作品は、天地が創造され人間が誕生し、しかし人間には悪も争いもあり、創造の神(亜甲と米国人男性のミッシェル・ジャック)の怒りをかい死滅するが、やがて皆は希望、愛、平和に再生していく、と言ったもの。

外人と日本人の混成が面白い独特の効果をあげ、特に男性の群舞「戦い」は迫力がみなぎっていた。

また、死んで幽霊となったダンスも奇妙で面白い。

ベリーダンスのアテナ・ナジャや社交ダンスのフォング・トレルフォード(女性)もモダンダンスのメンバーと遜色なく踊り、きれいに揃っていた。皆基本がしっかり出来ているのだ。

各国から集まって、けいこも大変だったでしょう。と質問したところ半年前から計画を立てたが、全員が集ったのは6日前。

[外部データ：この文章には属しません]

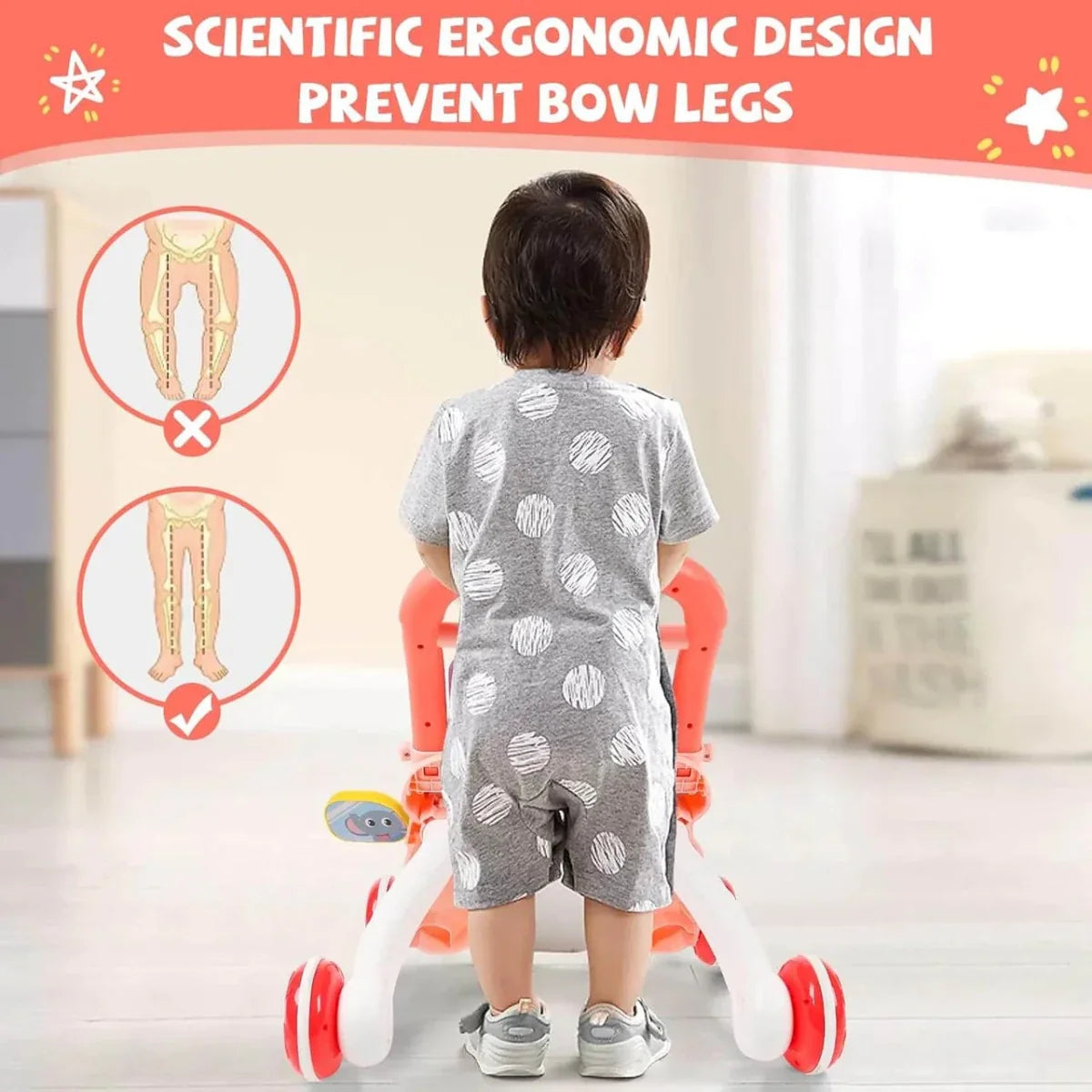 Huanger Large Baby Walker with Lights & Music – Cartoon Learning Push Walker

通訳はフランス語は亜甲の長男、寛一が長いフランスでの舞踊生活を活かして、英語は次男の寛司(アメリカ在住で踊っている)が、ロシア語は娘の華織がバレエのパートナー、エフゲニー・グラシェンコに対してと、順調に振付が進んだとの事であった。

いずれにせよ、あまり前例の無い個人のスタジオによる盛大な国際公演を見ることができ、大変有意義な催しであった。